:: AVAILABLE DATA ::
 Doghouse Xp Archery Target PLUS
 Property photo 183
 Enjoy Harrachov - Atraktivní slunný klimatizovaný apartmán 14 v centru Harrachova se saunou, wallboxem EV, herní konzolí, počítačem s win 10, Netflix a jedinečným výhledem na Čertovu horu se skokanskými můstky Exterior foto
:::
→ **EXERCISE BRIEF**: Reproduce the lines above. Leave each one as it is.

→ **WRITTEN RESPONSE**:
 Doghouse Xp Archery Target PLUS
 Property photo 183
 Enjoy Harrachov - Atraktivní slunný klimatizovaný apartmán 14 v centru Harrachova se saunou, wallboxem EV, herní konzolí, počítačem s win 10, Netflix a jedinečným výhledem na Čertovu horu se skokanskými můstky Exterior foto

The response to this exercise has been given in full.